According to the definition of the Coriolis force, every little particle dm of the wheel has a coriolis force in some direction. But if we integrate to get the coriolis force on the whole object, doesn't the integral go to 0 since we are in a circle?

Further, if we consider the torque on the wheel due to the coriolis force, we know that the torque is defined as: τ = r' x F.coriolis . where r' is the vector position of dm relatively to the CM of the wheel.

Since the coriolis force is zero, doesn't it mean that the torque is also zero?

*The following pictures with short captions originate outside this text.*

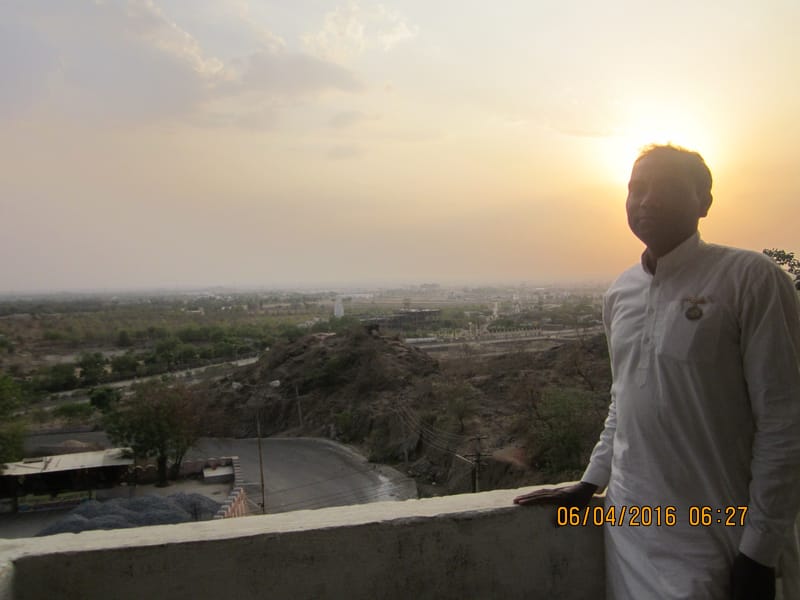 A Visit to Bhilwada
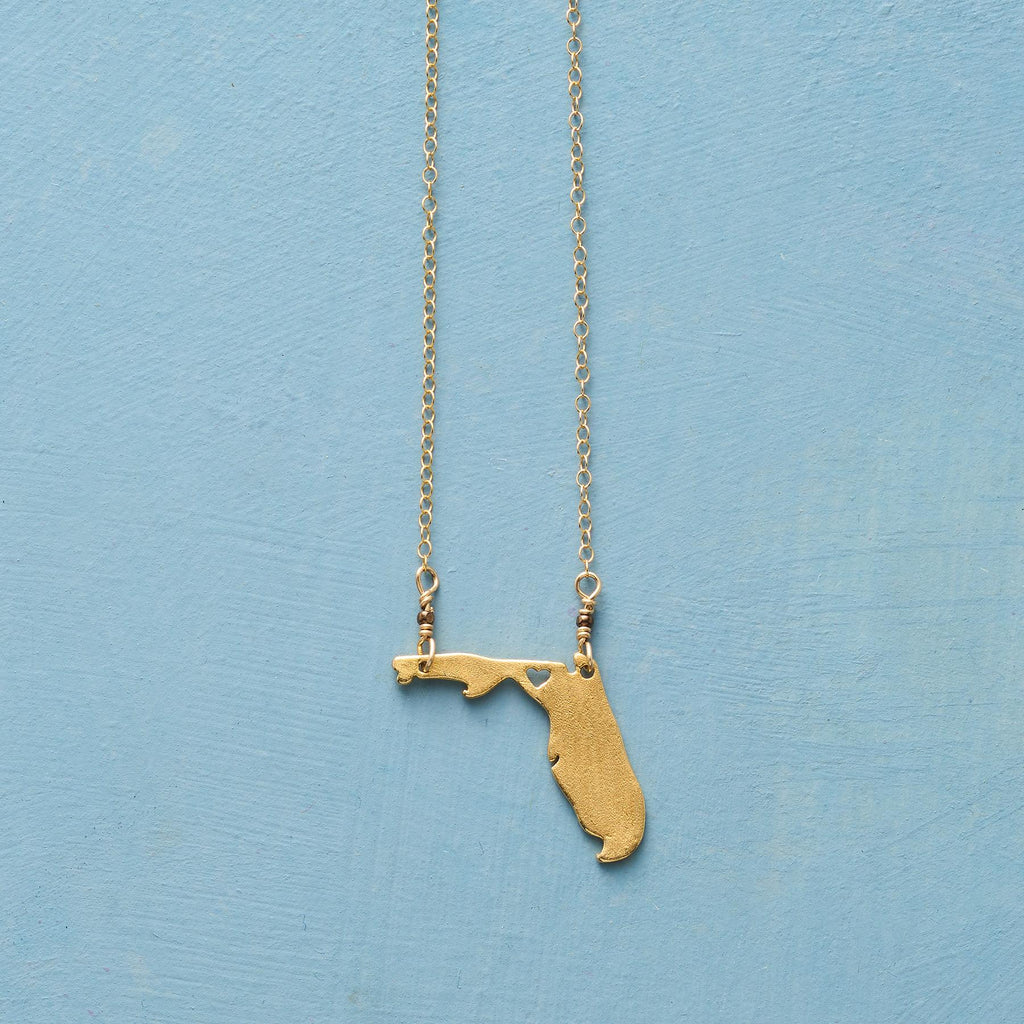 State Pride Necklace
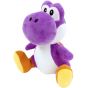 Sanei Super Mario All Star Collection AC49 Purple Yoshi Plush, Small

(I know that the answer is no, but why? and where does the torque point...?)

 

[TSny]

Hello and welcome to PF!

It will be simpler to analyze if the wheel is located at the equator. Then the axis of rotation of the wheel is perpendicular to the axis of rotation of the earth. See attached figure. The axis of rotation of the Earth is represented by the blue vertical arrow and Ω is the rate of rotation of the earth. The wheel is rotating with angular velocity ω.

Consider the elements of mass marked A and B on the wheel. Note that relative to the Earth the velocity of A at this moment is essentially out of the page while B is moving into the page.

What is the direction of the coriolis force on A? On B?